Findings from the quantitative research suggest that farmers who believe they should adjust their practices to protect their farm from the negative impacts of increased weather variability are more likely to increase their use of no-till farming, cover crops, and tile drainage. Additionally, visiting with other farmers to observe their practices was positively associated with farmers increased use of the adaptive strategies examined. Famers with experience using no-till farming, cover crops, and tile drainage were also more likely to plan on increasing their use of these practices in response to climate changes. However, farmers who report high levels of confidence in their current practices are less likely to change their use of these practices in response to climate change.
Through examination of in-depth interviews, I found that farmers are engaging in greater soil stewardship as a way to mitigate weather related risks. Findings suggest that farmers’ shifting relationship to their soil resources may act as a kind of social-ecological feedback that enables farmers to implement adaptive strategies (e.g., no-till farming, cover crops) that build resilience in the face of increasingly variable and extreme weather. This was in contrast to emphasizing short-term tweaks to production (e.g., increased tillage in the spring) that may lead to greater vulnerability. Adoption of a soil stewardship ethic may also help farmers to resolve apparent tradeoffs between profitability in the short-term and field-level resilience over the long-term.
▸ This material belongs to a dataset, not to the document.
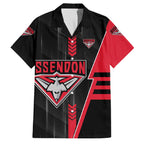 Personalized Essendon Bombers Family Matching Off Shoulder Short Dress and Hawaiian Shirt Modern Geometric Sports Graphic Style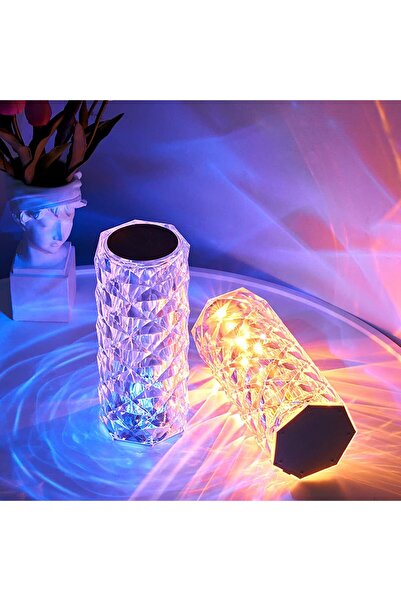 sihirlihediyem Rose Diamond Table Lamp - Kristal Görünümlü LED Masa Lambası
Finally, through a mixed methods analysis, I examined what influences farmers’ use of extended crop rotations, as a measure of cropping system diversity, particularly in the context of climate change adaptation. Findings suggest that path dependency on the intensive corn-based cropping system of the U.S. Corn Belt limits farmers’ ability to integrate more diverse crop rotations; yet, farmers in more diversified watersheds, those who farm marginal ground, and those with livestock are more likely to use extended rotations. Additionally, those farmers who currently use more diverse rotations are also more likely to see crop rotations as at risk mitigation tool in the context of climate change adaptation.
In total, this research offers a comprehensive analysis of farmer adaptive decision making through analysis of data on Corn Belt farmers’ conservation behaviors and climate change adaptation intentions, which is of unprecedented size and scope.